▶ **Activity**
Reproduce from the records below, with no pictures, exactly the lines between the one containing "Building Photo - Single" and the one containing "daysiidukes nude leaks", inclusive.

▶ **Provided records**

★ ★ ★

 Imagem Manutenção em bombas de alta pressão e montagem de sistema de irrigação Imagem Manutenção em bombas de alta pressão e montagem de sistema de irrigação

★ ★ ★

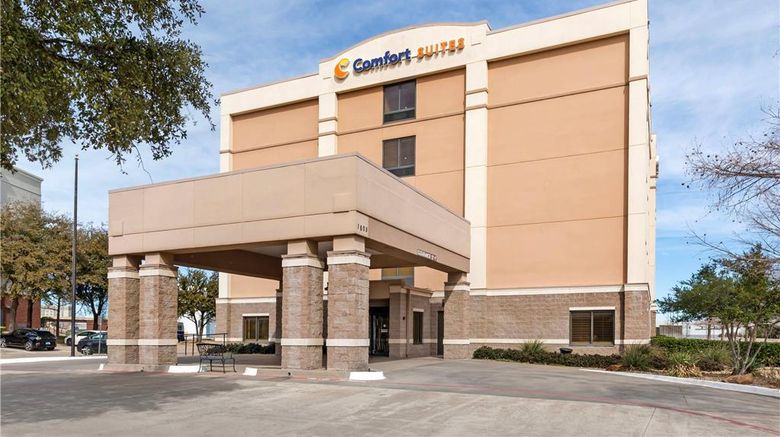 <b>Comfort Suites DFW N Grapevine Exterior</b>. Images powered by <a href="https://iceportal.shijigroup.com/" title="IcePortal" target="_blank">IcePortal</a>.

★ ★ ★

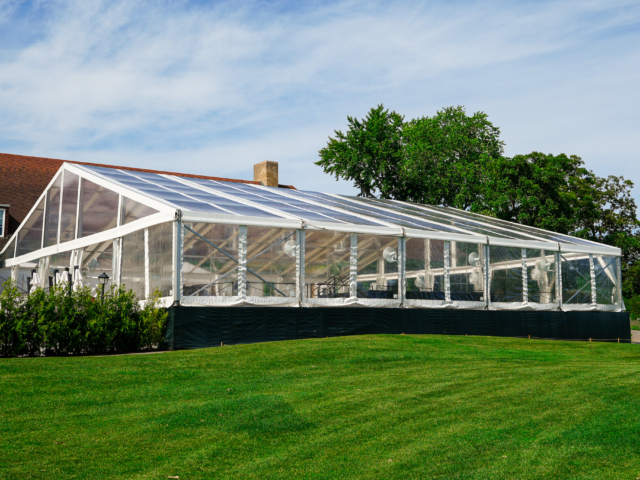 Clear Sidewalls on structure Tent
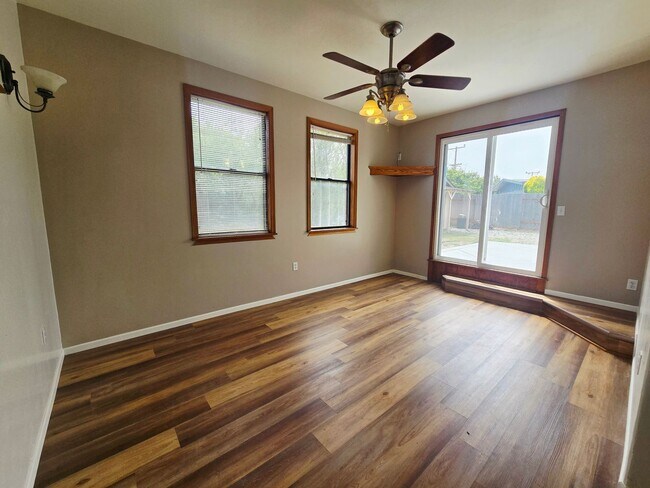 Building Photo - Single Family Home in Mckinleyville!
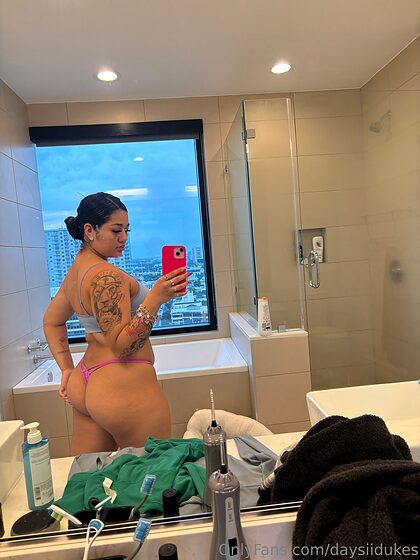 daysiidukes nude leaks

★ ★ ★

▶ **Output for this exercise**
 Building Photo - Single Family Home in Mckinleyville!
 daysiidukes nude leaks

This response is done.